Infatti, se degli alieni dovessero raggiungerci, dovremmo ragionevolmente chiederci le loro intenzioni. Esplorazione, turismo, commercio, benevolenza o conquista?
A prescindere dalle loro possibili ragioni una cosa continua e continuerà a turbarmi. La storia della vita sul nostro pianeta ci insegna alcune cose, prima fra tutte è che la vita ha delle regole molto selettive. La complessità di un organismo, la collaborazione (nella specie o simbiotica con altre specie), l’intelligenza e la tecnologia sono fattori di successo. Soprattutto l’intelligenza, e quindi la capacità di sviluppare metodologia e tecnologia, appartiene piuttosto ai predatori che non alle prede, perché l’apporto di risorse pregiate ha un effetto catalitico sullo sviluppo dell’intelligenza stessa.
Anche da noi infatti si dice furbo come una volpe mica furbo come un cervo.
L’elaborazione di una strategia necessita intelligenza. Certo anche la difesa necessita di intelligenza essendo una strategia anch’essa, ma alla lunga l’offesa la vince sempre sulla difesa appunto perché deve innovare e sorprendere.
Con queste premesse è quindi molto improbabile che degli alieni siano animati da quella benevolenza che molti sono convinti debbano per forza avere. Una cosa sembra non essere mai passata per la mente dei cercatori di possibili contatti extraterrestri, ovvero che la natura di questi contatti potrebbe essere alquanto sgradita.
La Storia e le fosse sono piene di civiltà scomparse perché hanno incontrato una tecnologia (o anche metodologia) sconosciuta. Penso che la definizione più calzante possa essere quella di Banks: problema fuori contesto.
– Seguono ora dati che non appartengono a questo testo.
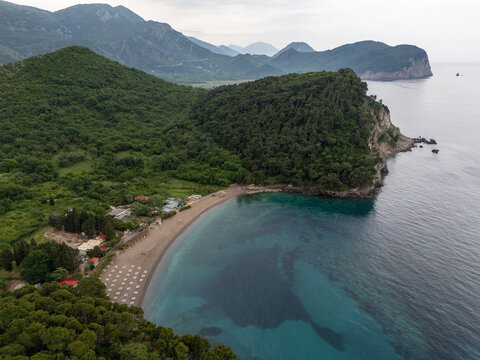 Lucice Beach in Petrovac aerial view in Montenegro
“Un Problema Fuori Contesto era una cosa che la maggior parte delle civiltà incontravano una volta sola, più o meno nello stesso modo in cui una frase incontra un punto e a capo.
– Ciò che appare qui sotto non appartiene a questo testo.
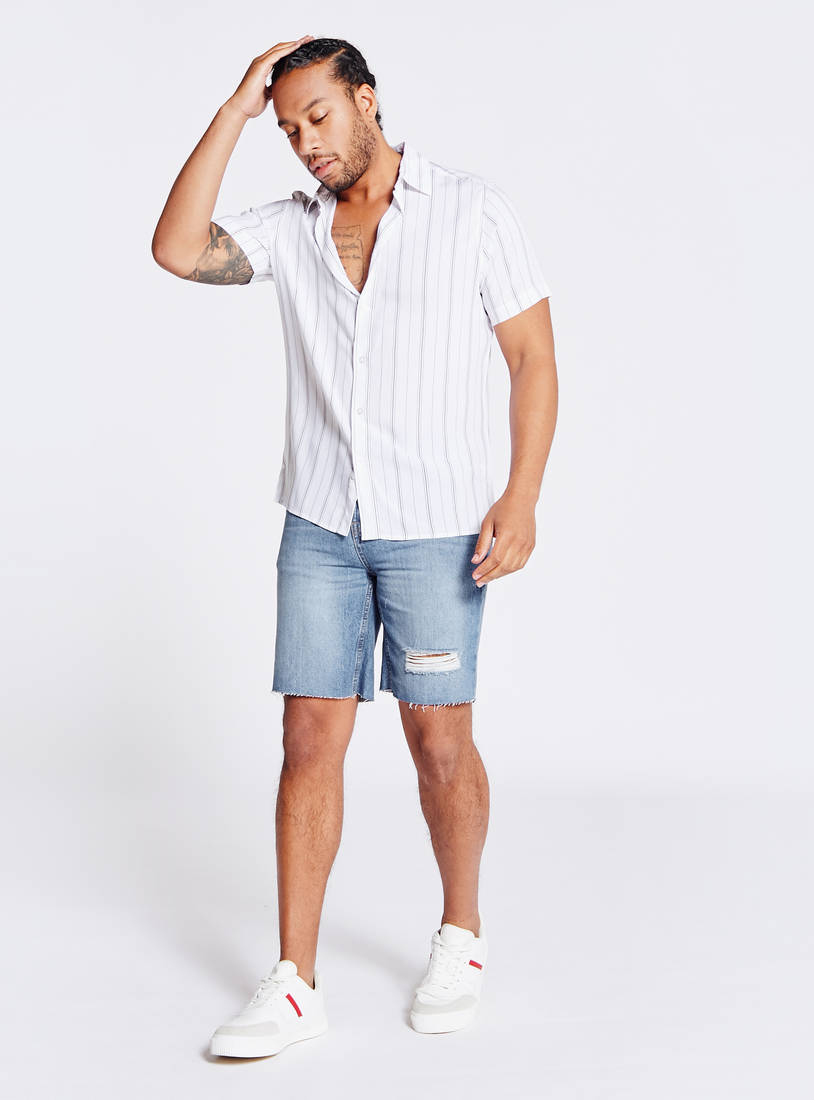 Solid Mid-Rise Denim Shorts with Button Closure and Pockets-Shorts-image-1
Di solito si illustrava la natura di un PFC con un esempio del genere: siete una tribù che vive su un’isola grande e fertile.
Avete imparato a coltivare il terreno, inventato la ruota, la scrittura e le altre cose del genere, i vicini sono vostri alleati, o sono stati ridotti in schiavitù, o comunque non danno fastidio, tutto il vostro surplus di capacità produttiva viene impiegato per erigere templi in vostro onore, siete ricchi, sicuri e potenti come i vostri sacri antenati, sia pace all’anima loro, non si sarebbero mai nemmeno sognati di poter diventare e in generale la situazione procede liscia come una canoa sull’erba bagnata… quando all’improvviso in fondo alla baia appare questa immensa zolla d’acciaio senza vele che si lascia dietro uno spaventoso fumo bianco e trasporta un mucchio di persone con strani bastoni di ferro in mano. In quattro e quattr’otto le persone con i bastoni scendono a terra e vi annunciano che siete appena stati scoperti, che adesso siete tutti nuovi sudditi dell’Imperatore, che l’Imperatore va matto per questa specie di regali che si chiamano tasse, e che questi tizi vestiti di nero dagli occhi fiammeggianti che loro chiamano preti gradirebbero dire un paio di cose ai vostri sacerdoti.
Ecco, quello è un Problema Fuori Contesto.” (Iain M. Banks, “L’altro universo”, 1997 Editrice Nord, p.70)
Per questo noi dobbiamo continuare il più possibile ad espandere il nostro contesto. Nessuno verrà a salvarci, neppure da noi stessi, dovremo farlo da soli.